• Data:
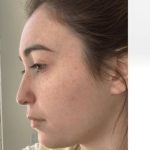 Aesthetic Facial Balancing Before & After Patient #1125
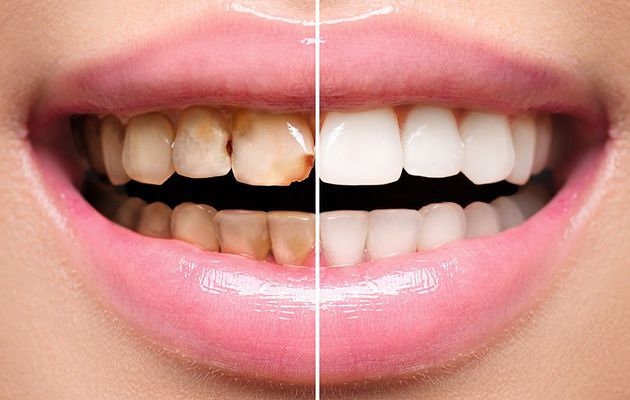Dental Veneers: How Can They Offer You Beautiful Smile?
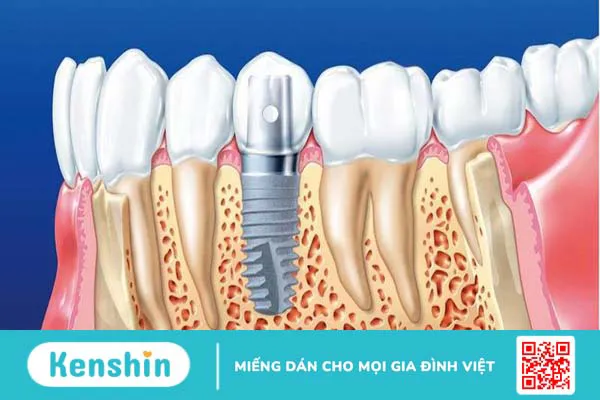 Implant Hiossen 3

• What the task requires: Where pictures occur in the material above, omit them and return everything else exactly.

• Output of the task:
 Aesthetic Facial Balancing Before & After Patient #1125
Dental Veneers: How Can They Offer You Beautiful Smile?
 Implant Hiossen 3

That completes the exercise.